• [WHAT IS BEING ASKED] When you copy the data, keep every line exactly as written and skip the pictures.

+++ EXERCISE MATERIALS +++

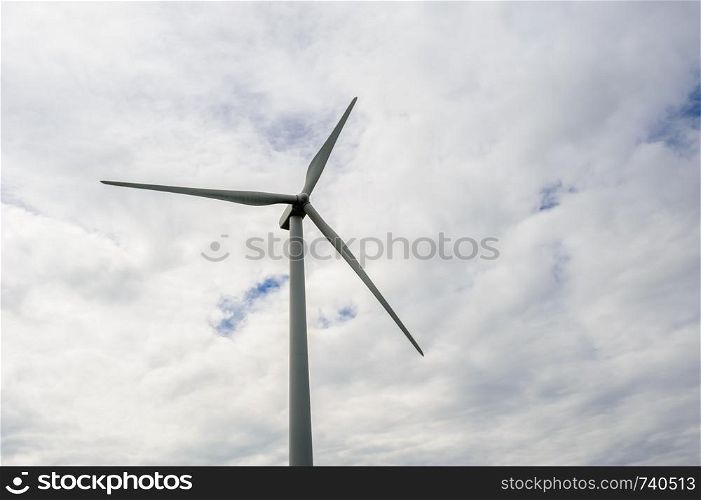 Single wind turbine against cloudy sky.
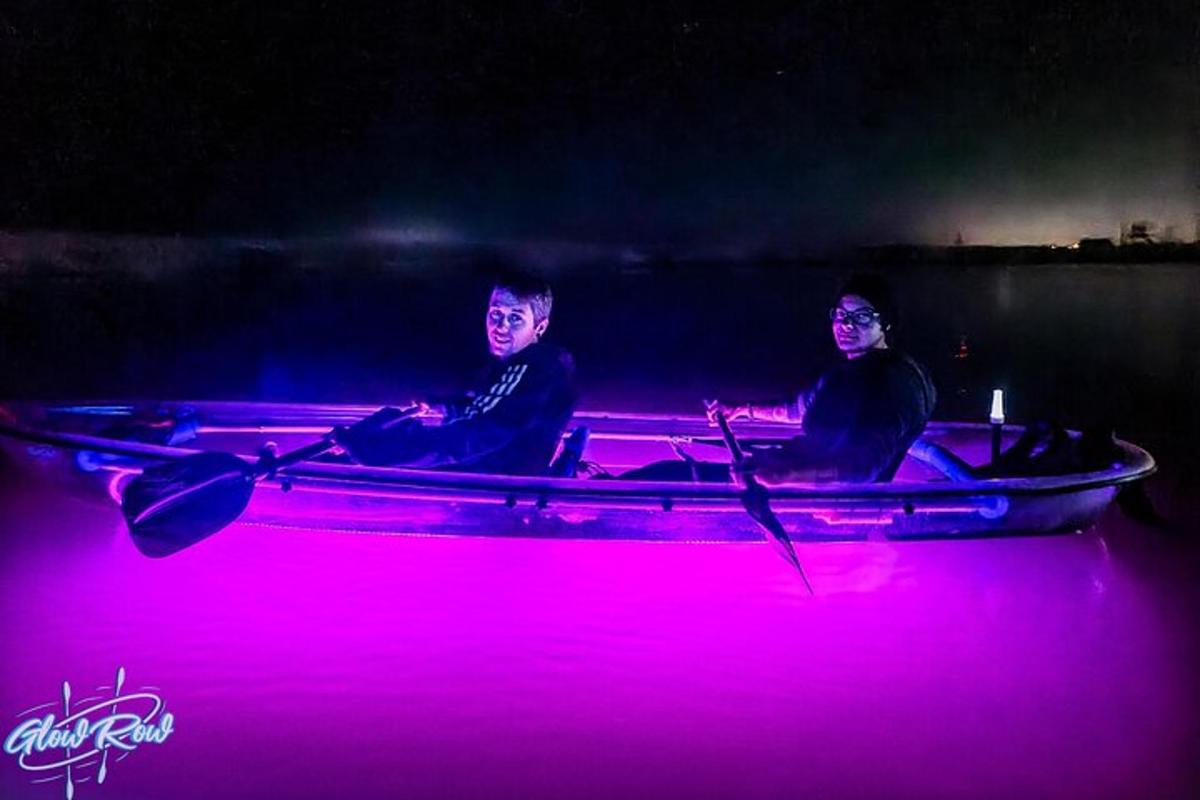 zwei Männer sitzen in einem Boot in einem rosa Licht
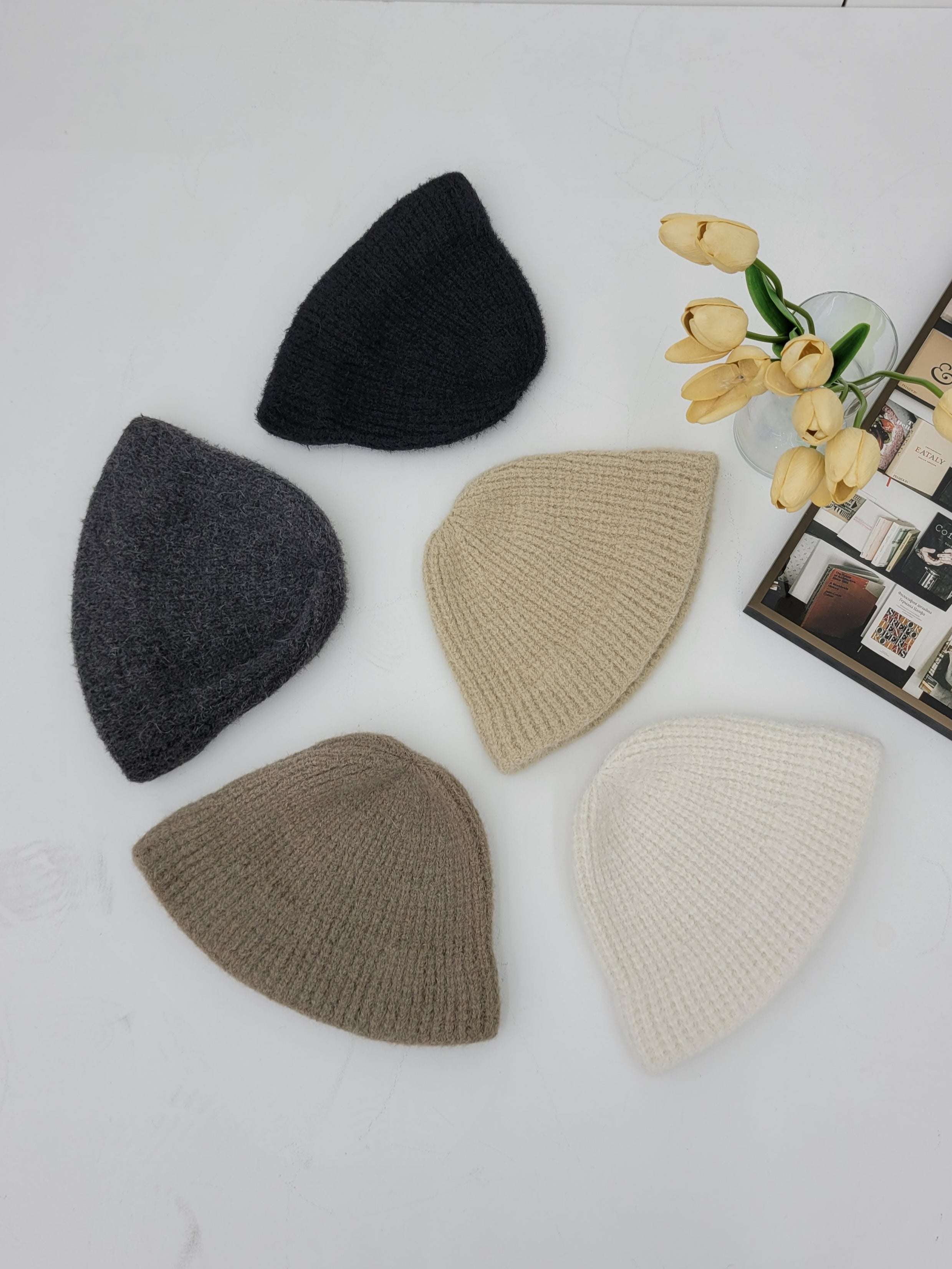 Five knit hats in black, gray, beige, and white on a light surface with yellow tulips.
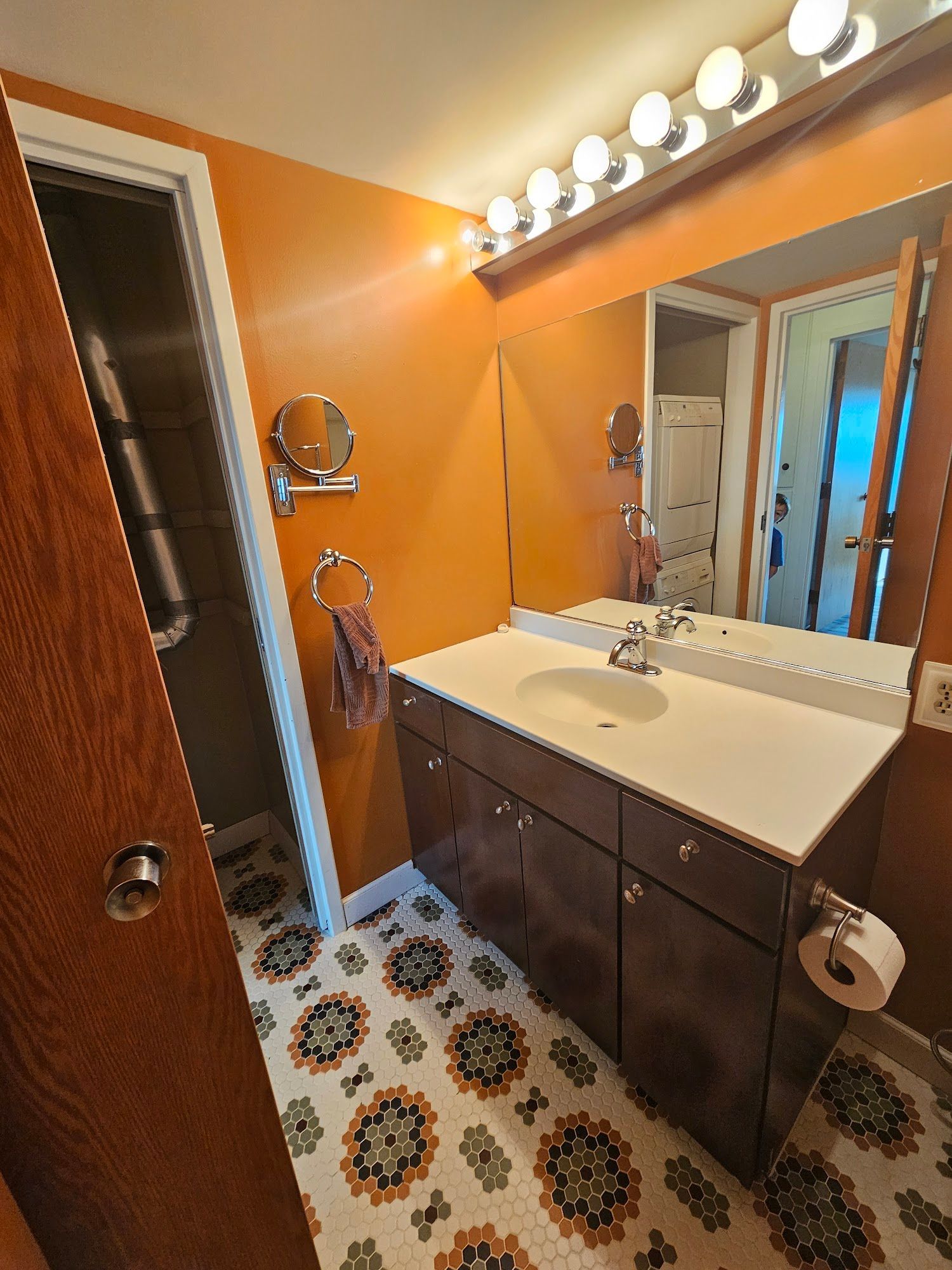 A bathroom with a sink , mirror and toilet.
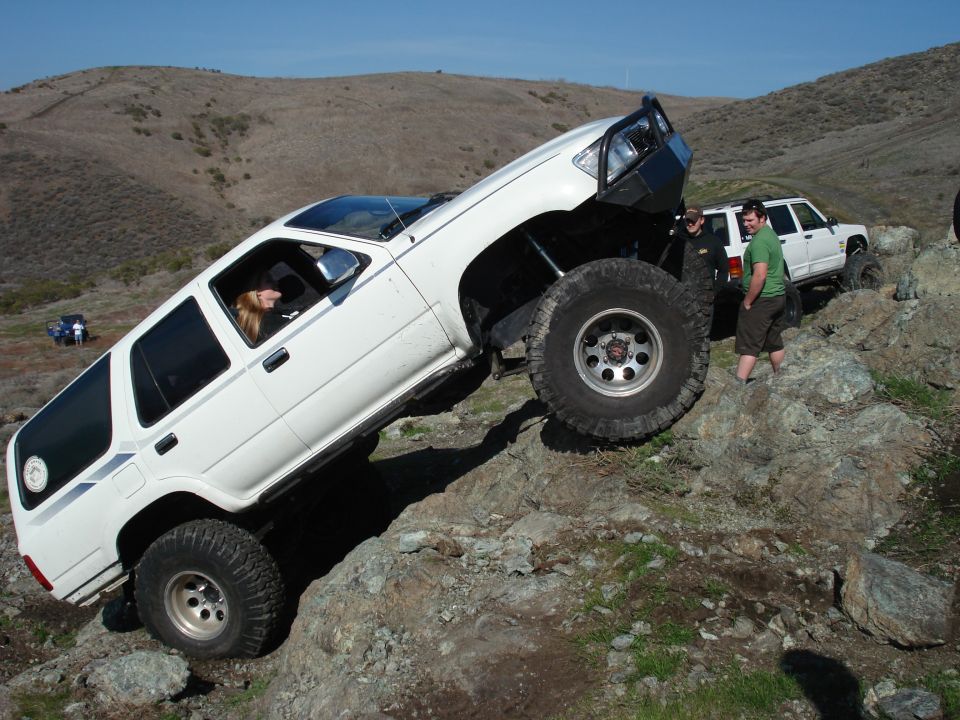 White Toyota 4Runner climbing rocks, another white SUV behind it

+++

• [FINAL ANSWER]
 Single wind turbine against cloudy sky.
 zwei Männer sitzen in einem Boot in einem rosa Licht
 Five knit hats in black, gray, beige, and white on a light surface with yellow tulips.
 A bathroom with a sink , mirror and toilet.
 White Toyota 4Runner climbing rocks, another white SUV behind it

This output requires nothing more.